Profiling helps you understand data, but some report fields can still expose
real emails, names, IDs, or other sensitive values. Before you paste output into
GitHub issues, Slack, public notebooks, or shared logs, check whether you are
sharing **aggregate statistics only** or **raw/sample cell values**.

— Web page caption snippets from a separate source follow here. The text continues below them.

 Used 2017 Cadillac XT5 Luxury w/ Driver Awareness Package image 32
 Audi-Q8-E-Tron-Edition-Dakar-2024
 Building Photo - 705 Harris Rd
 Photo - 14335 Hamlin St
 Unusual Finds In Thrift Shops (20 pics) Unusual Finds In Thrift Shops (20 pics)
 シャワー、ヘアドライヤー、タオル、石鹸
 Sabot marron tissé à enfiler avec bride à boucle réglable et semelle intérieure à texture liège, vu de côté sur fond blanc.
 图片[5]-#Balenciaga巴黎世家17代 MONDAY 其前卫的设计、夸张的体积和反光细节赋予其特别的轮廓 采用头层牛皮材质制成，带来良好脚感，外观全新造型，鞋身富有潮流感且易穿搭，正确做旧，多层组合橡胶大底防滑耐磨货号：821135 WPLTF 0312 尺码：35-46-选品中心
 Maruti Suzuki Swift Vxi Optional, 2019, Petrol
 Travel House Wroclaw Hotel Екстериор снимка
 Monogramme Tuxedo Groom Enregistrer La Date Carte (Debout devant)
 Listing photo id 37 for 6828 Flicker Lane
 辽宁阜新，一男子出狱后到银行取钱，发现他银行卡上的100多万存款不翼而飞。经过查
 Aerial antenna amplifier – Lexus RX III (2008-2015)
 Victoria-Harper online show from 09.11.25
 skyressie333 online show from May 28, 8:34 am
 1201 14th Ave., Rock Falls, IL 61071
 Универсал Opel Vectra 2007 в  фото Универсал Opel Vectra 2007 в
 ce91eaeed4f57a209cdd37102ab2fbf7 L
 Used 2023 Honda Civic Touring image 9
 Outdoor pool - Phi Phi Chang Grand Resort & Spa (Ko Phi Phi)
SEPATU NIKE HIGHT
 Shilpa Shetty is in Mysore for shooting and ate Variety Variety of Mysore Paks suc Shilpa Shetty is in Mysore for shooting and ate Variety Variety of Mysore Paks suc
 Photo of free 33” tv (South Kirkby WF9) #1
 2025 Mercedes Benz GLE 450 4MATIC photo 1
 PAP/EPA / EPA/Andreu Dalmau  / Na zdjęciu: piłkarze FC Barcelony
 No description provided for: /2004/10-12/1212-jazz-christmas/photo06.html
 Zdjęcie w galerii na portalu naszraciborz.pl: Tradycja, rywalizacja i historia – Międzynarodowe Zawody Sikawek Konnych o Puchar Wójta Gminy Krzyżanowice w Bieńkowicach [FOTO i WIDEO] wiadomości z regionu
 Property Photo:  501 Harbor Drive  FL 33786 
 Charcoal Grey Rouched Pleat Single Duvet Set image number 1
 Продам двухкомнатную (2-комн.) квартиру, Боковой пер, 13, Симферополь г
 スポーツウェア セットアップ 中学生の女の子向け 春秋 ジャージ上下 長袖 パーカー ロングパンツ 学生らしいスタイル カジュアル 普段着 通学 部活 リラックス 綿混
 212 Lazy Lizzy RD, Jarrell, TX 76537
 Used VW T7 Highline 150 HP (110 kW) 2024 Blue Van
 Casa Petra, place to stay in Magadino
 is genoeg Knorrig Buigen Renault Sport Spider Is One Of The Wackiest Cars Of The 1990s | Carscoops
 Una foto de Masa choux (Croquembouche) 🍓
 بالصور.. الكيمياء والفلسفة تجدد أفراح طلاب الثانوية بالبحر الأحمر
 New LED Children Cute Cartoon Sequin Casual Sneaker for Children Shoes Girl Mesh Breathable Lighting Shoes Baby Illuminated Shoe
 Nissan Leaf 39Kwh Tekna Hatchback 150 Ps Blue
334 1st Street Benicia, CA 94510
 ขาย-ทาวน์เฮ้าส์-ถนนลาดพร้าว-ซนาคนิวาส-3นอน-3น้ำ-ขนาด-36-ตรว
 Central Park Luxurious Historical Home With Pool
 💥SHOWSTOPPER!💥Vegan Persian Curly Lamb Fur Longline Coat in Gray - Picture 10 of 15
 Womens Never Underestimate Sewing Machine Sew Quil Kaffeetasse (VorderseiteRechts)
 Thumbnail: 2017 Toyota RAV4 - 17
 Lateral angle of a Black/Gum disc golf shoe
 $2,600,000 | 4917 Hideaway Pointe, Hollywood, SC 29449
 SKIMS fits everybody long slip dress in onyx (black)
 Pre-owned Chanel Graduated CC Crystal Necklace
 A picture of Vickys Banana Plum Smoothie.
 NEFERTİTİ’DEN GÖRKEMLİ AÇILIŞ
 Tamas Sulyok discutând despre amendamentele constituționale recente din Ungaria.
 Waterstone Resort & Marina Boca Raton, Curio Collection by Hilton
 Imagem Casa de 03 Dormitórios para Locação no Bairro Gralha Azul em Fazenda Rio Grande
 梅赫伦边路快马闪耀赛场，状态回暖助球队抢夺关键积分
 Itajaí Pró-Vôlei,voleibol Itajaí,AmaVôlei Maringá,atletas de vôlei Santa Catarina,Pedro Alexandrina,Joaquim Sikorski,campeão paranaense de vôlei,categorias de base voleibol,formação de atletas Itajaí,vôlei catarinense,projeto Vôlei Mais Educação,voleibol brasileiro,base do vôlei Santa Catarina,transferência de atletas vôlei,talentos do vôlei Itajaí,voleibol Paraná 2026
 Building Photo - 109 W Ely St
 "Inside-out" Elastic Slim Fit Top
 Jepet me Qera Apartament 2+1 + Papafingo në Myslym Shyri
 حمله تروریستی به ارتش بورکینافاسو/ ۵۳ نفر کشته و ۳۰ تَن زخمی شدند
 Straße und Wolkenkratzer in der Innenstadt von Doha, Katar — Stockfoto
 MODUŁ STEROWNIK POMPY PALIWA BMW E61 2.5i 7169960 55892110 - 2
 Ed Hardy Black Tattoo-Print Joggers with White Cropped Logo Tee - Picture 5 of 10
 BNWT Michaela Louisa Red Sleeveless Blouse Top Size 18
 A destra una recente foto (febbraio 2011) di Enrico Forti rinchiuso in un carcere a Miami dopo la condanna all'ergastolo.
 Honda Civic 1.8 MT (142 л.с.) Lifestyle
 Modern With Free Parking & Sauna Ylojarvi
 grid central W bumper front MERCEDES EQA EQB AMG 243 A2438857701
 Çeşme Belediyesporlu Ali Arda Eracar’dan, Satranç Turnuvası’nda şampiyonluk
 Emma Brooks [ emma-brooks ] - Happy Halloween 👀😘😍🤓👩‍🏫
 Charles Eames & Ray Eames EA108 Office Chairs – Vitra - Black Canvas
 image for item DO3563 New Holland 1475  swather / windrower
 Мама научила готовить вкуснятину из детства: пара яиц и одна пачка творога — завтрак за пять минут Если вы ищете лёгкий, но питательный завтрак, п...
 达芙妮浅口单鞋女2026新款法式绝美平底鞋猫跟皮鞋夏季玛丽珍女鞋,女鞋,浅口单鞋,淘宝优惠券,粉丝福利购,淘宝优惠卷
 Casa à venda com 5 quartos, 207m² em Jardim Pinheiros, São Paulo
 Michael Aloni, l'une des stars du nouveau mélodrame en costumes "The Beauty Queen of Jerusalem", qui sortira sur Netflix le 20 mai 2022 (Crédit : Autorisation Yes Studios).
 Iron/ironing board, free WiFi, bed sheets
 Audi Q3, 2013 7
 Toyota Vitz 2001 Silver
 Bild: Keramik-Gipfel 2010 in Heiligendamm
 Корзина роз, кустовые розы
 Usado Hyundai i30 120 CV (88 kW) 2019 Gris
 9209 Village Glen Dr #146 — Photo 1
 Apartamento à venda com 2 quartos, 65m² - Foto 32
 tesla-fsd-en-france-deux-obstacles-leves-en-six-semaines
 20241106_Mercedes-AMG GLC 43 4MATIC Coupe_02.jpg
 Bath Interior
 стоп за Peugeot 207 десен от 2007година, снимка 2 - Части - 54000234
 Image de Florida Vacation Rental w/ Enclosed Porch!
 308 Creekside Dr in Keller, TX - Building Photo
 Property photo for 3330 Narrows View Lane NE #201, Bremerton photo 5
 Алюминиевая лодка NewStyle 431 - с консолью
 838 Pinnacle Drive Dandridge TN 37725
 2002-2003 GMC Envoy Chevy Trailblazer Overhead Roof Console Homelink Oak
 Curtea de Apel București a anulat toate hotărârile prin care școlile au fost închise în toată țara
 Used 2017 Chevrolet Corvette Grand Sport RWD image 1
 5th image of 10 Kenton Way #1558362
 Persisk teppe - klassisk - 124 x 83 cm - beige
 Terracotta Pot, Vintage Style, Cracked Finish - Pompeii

**What is aggregate-only vs may expose raw values**

| Field or export | Aggregate-only? | May expose raw / sample data? |
| --- | --- | --- |
| `row_count`, `column_count`, `duplicate_rows`, `duplicate_ratio`, `quality_score`, `score_components` | Yes | No |
| `null_count`, `null_ratio`, `unique_count`, `unique_ratio`, whitespace / empty-string counts | Yes | No |
| Numeric `min` / `max` / `mean` / `std` / `q25`–`q95` | Statistics only | Uncommon on large datasets; small tables can still be identifying |
| `semantic_type`, `suggested_dtype`, `warnings` | Metadata / hints | Can imply PII type (for example email-like), not redaction |
| `ColumnProfile.sample_values` (in-memory) | No | **Yes** — first *N* non-null values (`sample_size` on `ar.profile()`) |
| `ColumnProfile.top_values` | Includes counts / ratios | **Yes** — frequent **actual** values (exact or approximate; see below) |
| `report.to_dict()` | Mixed | **Yes** — includes `sample_values` and `top_values` unless you redact samples |
| `report.to_dict(redact_sample_values=True)` | Mixed | `sample_values` → `"[REDACTED]"` (same list length); **`top_values` unchanged** |
| `report.to_markdown()`, `report.summary()` | Yes | No raw cell values in output |
| `report.to_html()` / notebook display of `report` | Partial | **Shows `top_values`** chips; does not list `sample_values` |
| `report.to_pandas()` | Partial | Includes **`top_values`**, not `sample_values` |
| `ProfileComparison.to_dict()` | Nested profiles | **Yes** — embeds `left_profile` / `right_profile` via default `to_dict()` |

Arnio does **not** auto-mask emails, phone numbers, or IDs by column type. Use the
controls below for safer sharing.

**Safe sharing practices**

- **JSON logs and artifacts:** `report.to_dict(redact_sample_values=True)` before writing or uploading.
- **Collect fewer samples:** `ar.profile(frame, sample_size=0)` skips `sample_values` (defaults still apply to `top_values` on string columns).
- **Text summaries for CI or comments:** prefer `report.to_markdown()` or `report.summary()` when you do not need per-value examples.
- **Notebooks and HTML exports:** avoid evaluating `report` or saving `report.to_html()` for sensitive data; HTML still shows `top_values`.
- **GitHub bug reports and examples:** use synthetic data (`user@example.com`, `ID-001`), a minimal CSV, and redacted `to_dict()` output — not production dumps.
- **Pandas export:** `ar.to_pandas(frame)` returns full table data; redaction applies to **quality reports**, not the underlying frame.
- **Profile comparison:** `ProfileComparison.to_dict()` nests full profiles; build shared artifacts with `profile.to_dict(redact_sample_values=True)` if needed.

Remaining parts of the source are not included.